### Brian Hall, Univ. of Notre Dame, USA: Heat flow and random matrix theory (Oberseminar Mathematische Stochastik)

##### Wednesday, 01.06.2022 17:00 per ZOOM: 61828242813

Random matrix is the study of eigenvalues of large matrices, where the entries are chosen randomly according to some probability distribution. The first result in the subject is the semicircular law for large Hermitian random matrices, where the eigenvalues have a semicircular distribution on the interval $[-2,2]$. The second result is the circular law for non-Hermitian random matrices, where the eigenvalues are uniformly distributed on the unit disk in the plane. There is a simple but intriguing connection between the two laws: twice the real part of the eigenvalues in the circular law has the same distribution as the semicircular law.

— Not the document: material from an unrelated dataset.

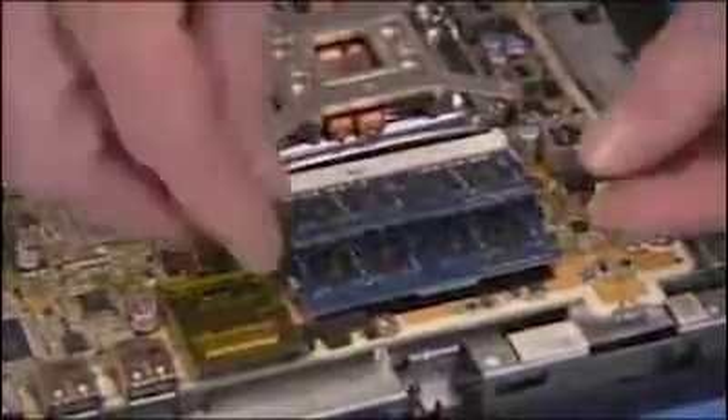Next, gently pull out on the retaining lever located on each side of the SO-DIMM. Pull the module out of the socket.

Several recent results have shown that this result is part of a general phenomenon, in which one can construct pairs of random matrix models where the limiting eigenvalue distributions are related by a map of the plane to itself. In my talk, I will explain a new idea: that the relationship between the two models can be accomplished at the finite-$N$ level by applying a heat operator to the characteristic polynomial of the first model. That is, if $p_0$ and $p_1$ are the (random) characteristic polynomials of the two models, applying a heat operator to $p_0$ gives a new polynomial whose zeros conjecturally resemble the zeros of $p_1$. As an example, we conjecture that if you apply the heat operator for time $1/N$ to the characteristic polynomial of a random Hermitian matrix (semicircular law), the zeros of the new polynomial will be approximately uniform on the unit disk. This is joint work with Ching-Wei Ho.